Historical Background
OAI traces its beginnings to efforts to increase interoperability among pre-print servers of scientific and technical papers. In some scientific disciplines, especially physics, scholars and researchers would deposit articles and papers into pre-print servers, allowing for the dissemination of information among the scholarly community in a way much more rapid than traditional printed journals. Pre-print servers did not preempt researchers from publishing in traditional journals—researchers would also submit their work for publication in the usual venues. Two of the most successful and well-known pre-print servers are the arXiv e-Print server at the Los Alamos National Laboratories (LANL) and the CogPrints electronic archive for psychology and cognitive sciences. There are dozens (if not hundreds) of other major pre-print servers, with new ones emerging all the time. Preprint servers have made a major impact in scholarly communications in many areas of scientific research.
In 1999, a group of researchers and librarians met in Santa Fe, New Mexico, to discuss issues related to pre-print servers, focusing especially on the need to provide ways for users to search across these servers more efficiently. Out of this meeting grew the initial concepts of creating services based on harvested metadata. The Santa Fe Conventions, as they were originally known, quickly evolved into the Open Archives Initiative, with only minor revisions along the way. A series of OAI workshops were held that gave potential implementers of the protocol opportunities for participation in the development of the protocols. A steering committee was appointed, charged with overseeing the development of OAI and promoting its use (www.openarchives.org/news/oaiscpress000825.html).
While OAI began in the pre-print server arena, it is now generally regarded as a model that can work with a wide range of content types across multiple disciplines. One of the strengths of OAI is that its simple approach can be applied to many different applications.
Supporters and Current Projects
The Open Archives Initiative finds great support through organizations such as the Digital Library Foundation and the Coalition for Networked Information. These organizations have provided an ongoing set of meetings that facilitated the development of the conceptual framework, the protocols themselves, and the promotion of OAI related activities. The Andrew W. Mellon has taken interest in the Open Archives Initiative, providing funding for related projects at seven organizations: The Research Libraries Group, University of Michigan, University of Illinois at Urbana-Champaign, Emory University, Woodrow Wilson International Center for Scholars, the University of Virginia, and Southeastern Library Network, Inc. (SOLINET) (see: www.arl.org/newsltr/217/waters.html).

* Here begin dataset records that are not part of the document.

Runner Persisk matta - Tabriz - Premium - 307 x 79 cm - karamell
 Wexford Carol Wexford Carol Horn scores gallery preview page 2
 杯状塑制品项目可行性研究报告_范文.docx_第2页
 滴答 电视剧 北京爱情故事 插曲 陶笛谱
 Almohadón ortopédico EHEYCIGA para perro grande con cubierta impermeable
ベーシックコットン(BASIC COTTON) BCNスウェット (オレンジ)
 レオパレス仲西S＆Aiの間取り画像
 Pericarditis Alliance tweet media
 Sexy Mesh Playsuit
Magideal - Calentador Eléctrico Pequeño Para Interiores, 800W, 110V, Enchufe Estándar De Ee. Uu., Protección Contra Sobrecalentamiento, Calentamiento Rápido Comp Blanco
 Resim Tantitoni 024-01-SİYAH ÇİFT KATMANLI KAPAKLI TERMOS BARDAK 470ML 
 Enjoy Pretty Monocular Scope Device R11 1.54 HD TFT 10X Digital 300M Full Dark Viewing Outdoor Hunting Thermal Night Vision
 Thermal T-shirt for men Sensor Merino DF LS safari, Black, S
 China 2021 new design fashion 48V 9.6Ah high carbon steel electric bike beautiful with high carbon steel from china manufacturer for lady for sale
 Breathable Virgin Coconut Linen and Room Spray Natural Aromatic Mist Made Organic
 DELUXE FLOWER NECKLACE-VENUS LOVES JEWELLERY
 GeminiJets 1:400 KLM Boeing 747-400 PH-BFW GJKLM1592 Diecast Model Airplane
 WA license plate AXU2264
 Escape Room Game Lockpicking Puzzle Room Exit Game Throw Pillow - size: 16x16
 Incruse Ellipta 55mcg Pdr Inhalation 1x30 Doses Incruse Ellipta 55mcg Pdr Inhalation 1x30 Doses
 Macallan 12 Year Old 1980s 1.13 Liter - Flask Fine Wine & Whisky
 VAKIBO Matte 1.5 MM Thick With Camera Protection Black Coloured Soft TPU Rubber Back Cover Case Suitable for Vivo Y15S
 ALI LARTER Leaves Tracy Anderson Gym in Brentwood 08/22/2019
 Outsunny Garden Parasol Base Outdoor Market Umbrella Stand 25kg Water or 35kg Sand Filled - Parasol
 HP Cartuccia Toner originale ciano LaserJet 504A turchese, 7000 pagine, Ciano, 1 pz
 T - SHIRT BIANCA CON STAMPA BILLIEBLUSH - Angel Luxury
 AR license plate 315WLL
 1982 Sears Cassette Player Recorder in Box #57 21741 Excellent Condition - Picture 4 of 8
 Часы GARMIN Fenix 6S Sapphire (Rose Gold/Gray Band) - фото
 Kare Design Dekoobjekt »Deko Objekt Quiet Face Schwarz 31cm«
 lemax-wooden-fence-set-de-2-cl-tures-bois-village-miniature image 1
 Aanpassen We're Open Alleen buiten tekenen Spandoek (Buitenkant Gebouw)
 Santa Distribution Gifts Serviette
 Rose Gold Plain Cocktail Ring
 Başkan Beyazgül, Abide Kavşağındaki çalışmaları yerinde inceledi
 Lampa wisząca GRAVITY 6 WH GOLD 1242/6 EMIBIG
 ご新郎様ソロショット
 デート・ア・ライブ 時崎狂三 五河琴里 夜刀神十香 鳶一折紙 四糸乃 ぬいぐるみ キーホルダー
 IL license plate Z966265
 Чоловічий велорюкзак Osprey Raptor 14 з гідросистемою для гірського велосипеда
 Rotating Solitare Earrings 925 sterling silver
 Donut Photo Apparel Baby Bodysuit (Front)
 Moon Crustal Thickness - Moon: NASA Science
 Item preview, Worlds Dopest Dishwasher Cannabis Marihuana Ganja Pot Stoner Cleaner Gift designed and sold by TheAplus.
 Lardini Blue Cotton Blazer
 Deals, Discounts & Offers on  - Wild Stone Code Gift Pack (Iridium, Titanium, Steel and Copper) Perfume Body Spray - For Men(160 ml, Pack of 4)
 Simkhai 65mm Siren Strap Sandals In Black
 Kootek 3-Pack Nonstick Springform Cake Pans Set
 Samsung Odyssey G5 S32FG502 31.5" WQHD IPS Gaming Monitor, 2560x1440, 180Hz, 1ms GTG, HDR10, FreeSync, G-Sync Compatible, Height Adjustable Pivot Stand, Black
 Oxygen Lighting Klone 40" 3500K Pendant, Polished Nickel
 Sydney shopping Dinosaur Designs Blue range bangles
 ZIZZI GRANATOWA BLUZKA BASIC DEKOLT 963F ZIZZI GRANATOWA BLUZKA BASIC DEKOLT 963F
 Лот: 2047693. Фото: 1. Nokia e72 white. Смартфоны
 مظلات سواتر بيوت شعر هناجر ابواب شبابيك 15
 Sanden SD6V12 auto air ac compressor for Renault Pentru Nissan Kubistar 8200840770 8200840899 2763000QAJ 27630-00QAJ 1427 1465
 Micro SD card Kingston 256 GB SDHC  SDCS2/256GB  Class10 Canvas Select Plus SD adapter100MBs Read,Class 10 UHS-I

Virginia Tech University has been an important participant in OAI. Among its other OAI activities, Virginia Tech has applied OAI to its Networked Digital Library of Theses and Dissertations (NDLTD), allowing any organization that participates in the NDLTD program to easily become an OAI data provider. Other key institutions involved in OAI include Harvard University, Cornell University, OCLC, The Library of Congress, the Joint Information Systems Committee of the UK, and many others.
Given the current broad base of support by very influential organizations and institutions, the Open Archives Initiative in on track toward becoming a very important part of the digital library infrastructure.
Resources:
The Open Archives Initiative maintains a web site at www.openarchives.org. Go here for definitive information, including the documents defining the OAI protocol, FAQs, and links to supporters and implementers.
For a very thorough and insightful treatment of the topic read Clifford Lynch's “Metadata harvesting and the Open Archives Initiative” in the ARL Bimonthly Report 217 August 2001 p. 1-9, available on the web at: www.arl.org/newsltr/217/mhp.html.